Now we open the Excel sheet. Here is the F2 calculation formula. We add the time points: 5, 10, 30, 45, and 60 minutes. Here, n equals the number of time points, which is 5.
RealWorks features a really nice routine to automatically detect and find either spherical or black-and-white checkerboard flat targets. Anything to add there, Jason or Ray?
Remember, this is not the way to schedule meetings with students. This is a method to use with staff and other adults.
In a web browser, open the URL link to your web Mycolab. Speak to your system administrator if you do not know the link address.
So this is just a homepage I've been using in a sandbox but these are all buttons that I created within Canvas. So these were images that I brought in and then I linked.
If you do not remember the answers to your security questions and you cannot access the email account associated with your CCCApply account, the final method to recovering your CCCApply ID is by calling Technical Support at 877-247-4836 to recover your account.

==

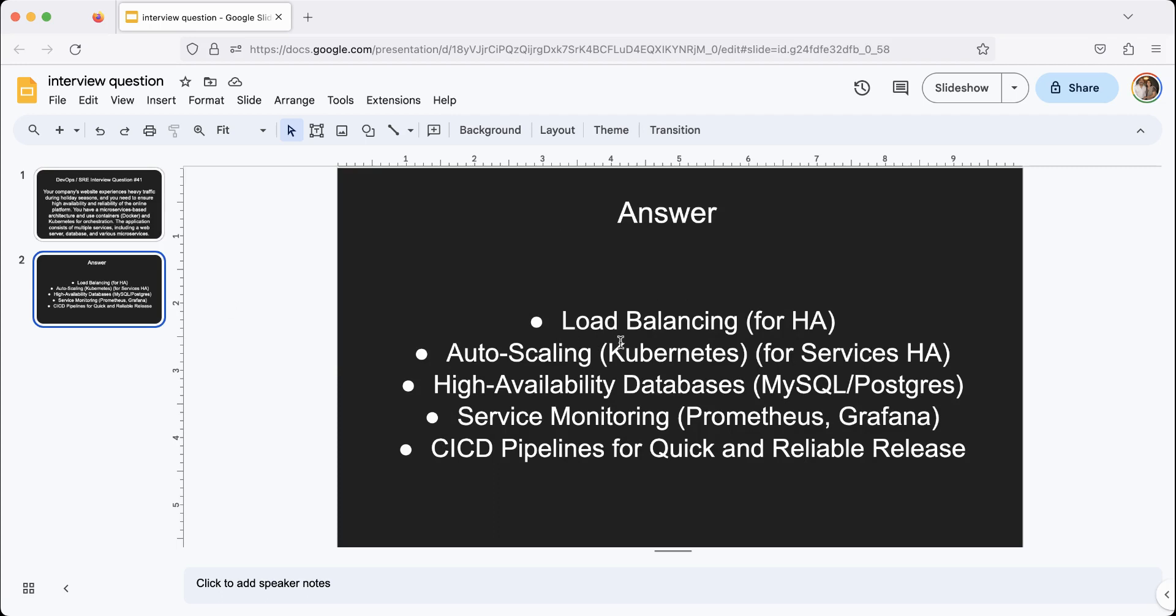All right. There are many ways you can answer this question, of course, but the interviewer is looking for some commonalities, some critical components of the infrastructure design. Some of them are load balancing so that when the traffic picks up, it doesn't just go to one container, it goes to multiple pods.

---

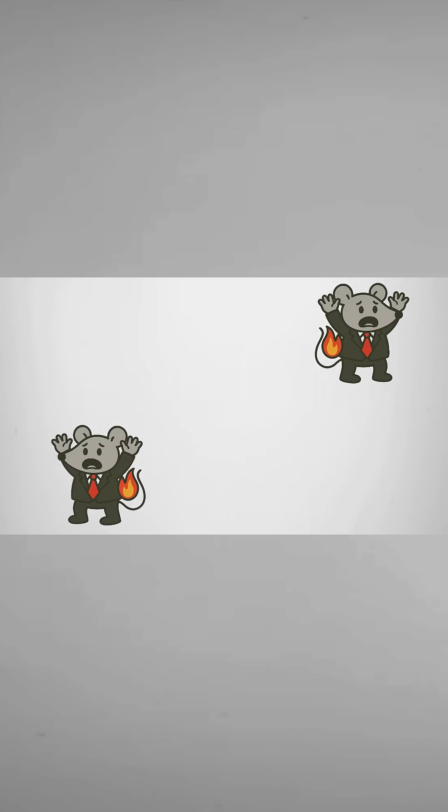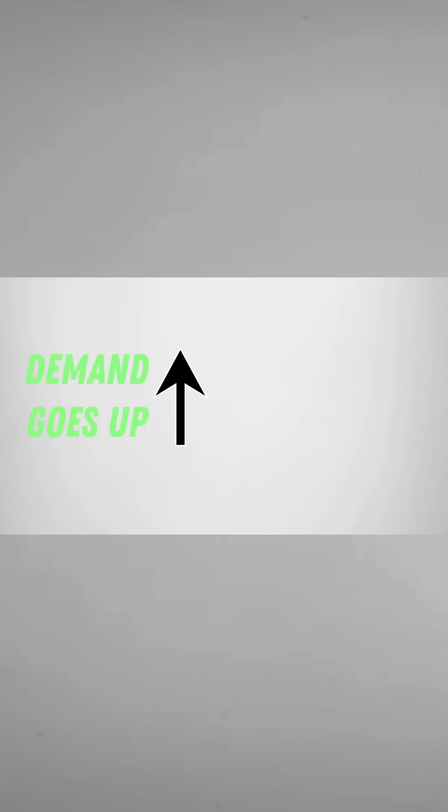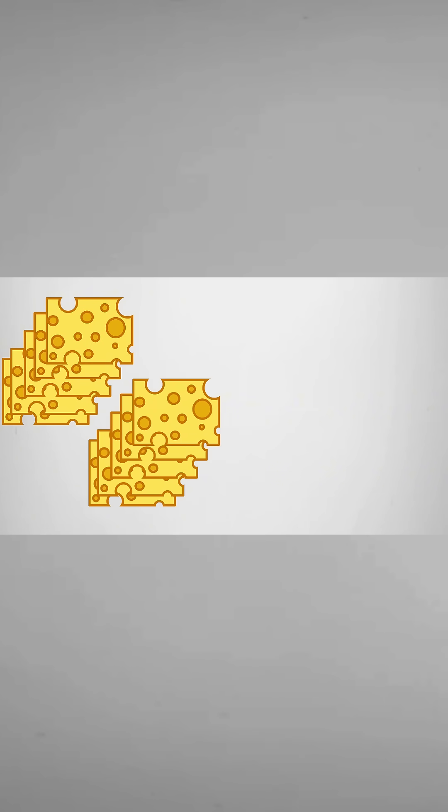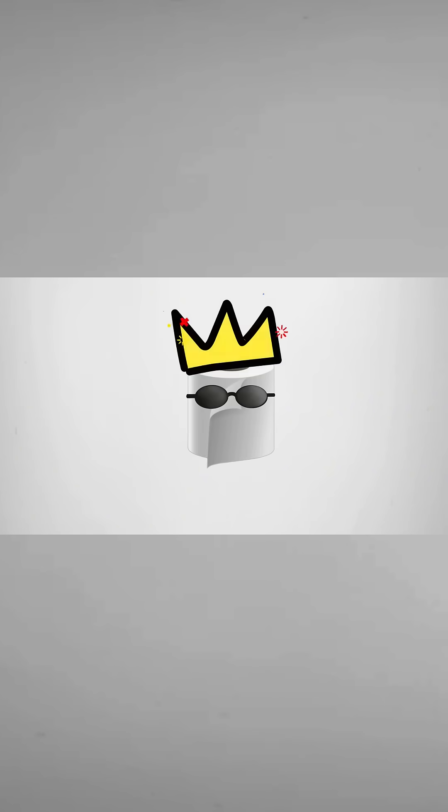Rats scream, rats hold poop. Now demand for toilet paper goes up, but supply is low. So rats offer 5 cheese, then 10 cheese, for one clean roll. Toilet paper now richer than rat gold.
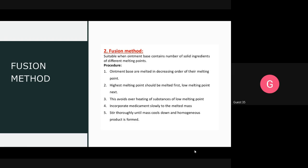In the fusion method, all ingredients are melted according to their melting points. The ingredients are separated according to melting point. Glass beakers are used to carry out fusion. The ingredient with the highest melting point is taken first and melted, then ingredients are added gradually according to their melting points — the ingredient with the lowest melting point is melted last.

**Aim of the task**
Lines of the data above that include the string "open" must each be copied.

**Exercise output**
Now we open the Excel sheet. Here is the F2 calculation formula. We add the time points: 5, 10, 30, 45, and 60 minutes. Here, n equals the number of time points, which is 5.
In a web browser, open the URL link to your web Mycolab. Speak to your system administrator if you do not know the link address.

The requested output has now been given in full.